How Microsoft Bought DOS for $75,000
IBM asked Microsoft for an operating system in 1980. Microsoft didn't have one. They bought a 'quick and dirty' clone for $75,000.
In the summer of 1980, IBM was secretly building the personal computer that would ship the next year as the IBM PC. They needed an operating system. They flew to Seattle to meet Bill Gates, whose Microsoft had been writing programming languages for hobbyist machines, and asked him to provide one. Microsoft did not have an operating system. Gates told IBM to talk to a small outfit called Digital Research, which sold the dominant CP/M.
Digital Research and IBM did not strike a deal. The story varies in detail — a missed meeting, a wife who declined to sign IBM's NDA — but in late summer 1980 IBM came back to Gates. This time, Gates said yes.

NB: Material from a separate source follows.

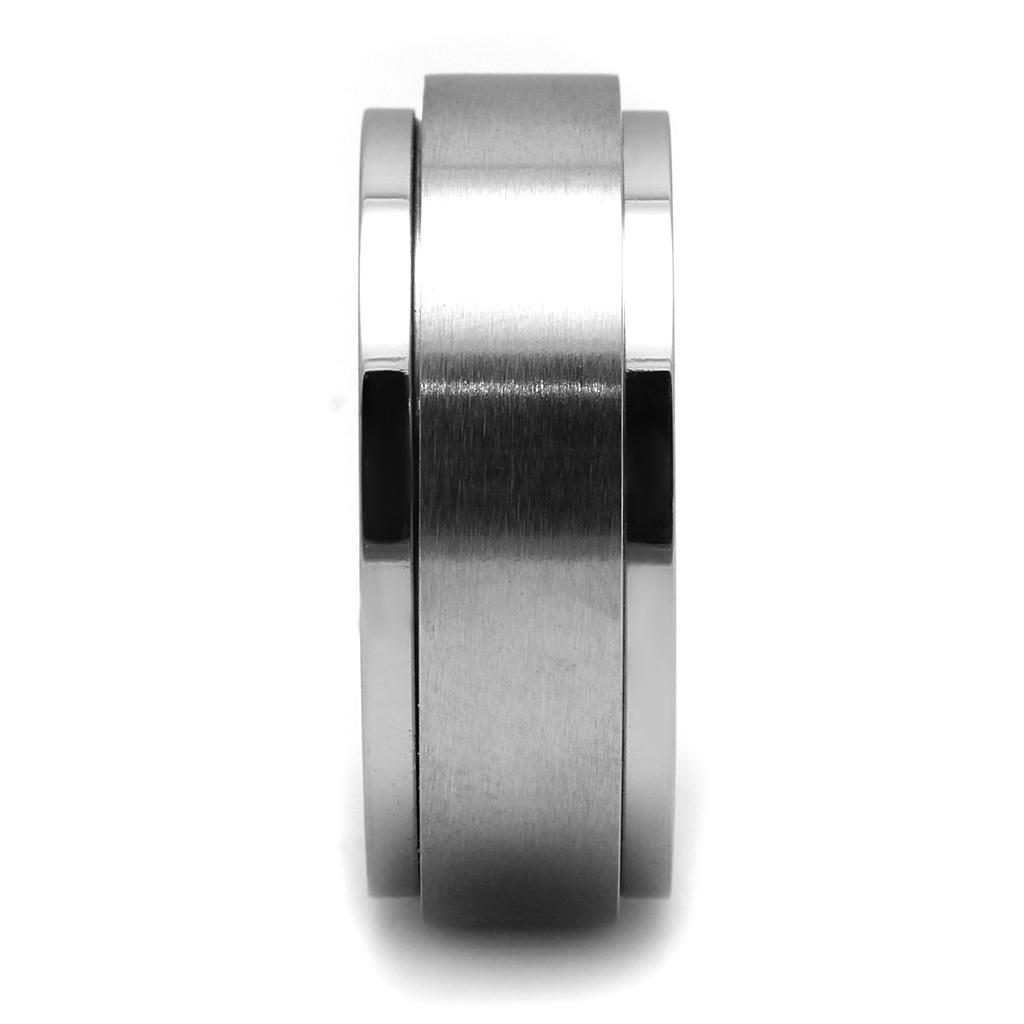 TK2919 High Polished Stainless Steel Ring with a sleek design and no stone, showcasing its shiny finish.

To deliver, Microsoft needed an existing operating system it could ship under contract. Twenty miles down the road from its offices, Seattle Computer Products had been writing one. Their 24-year-old engineer Tim Paterson had spent the spring of 1980 reverse-engineering the CP/M API, calling the result QDOS — Quick and Dirty Operating System. By the time Microsoft called, it had been renamed 86-DOS.
In December 1980, Microsoft licensed 86-DOS from SCP for $25,000, with the right to sublicense it. They renamed it MS-DOS for their own product, PC-DOS for the version they would ship to IBM. In July 1981, Microsoft paid SCP another $50,000 to buy 86-DOS outright. The total was $75,000.
The IBM PC shipped on August 12, 1981. Within five years, IBM-compatible clones from Compaq, Dell, and dozens of others were running MS-DOS under licence — and that licence revenue, not the original IBM contract, was what built Microsoft. Tim Paterson left SCP, joined Microsoft to port his code, and never owned a share of the operating system he had written.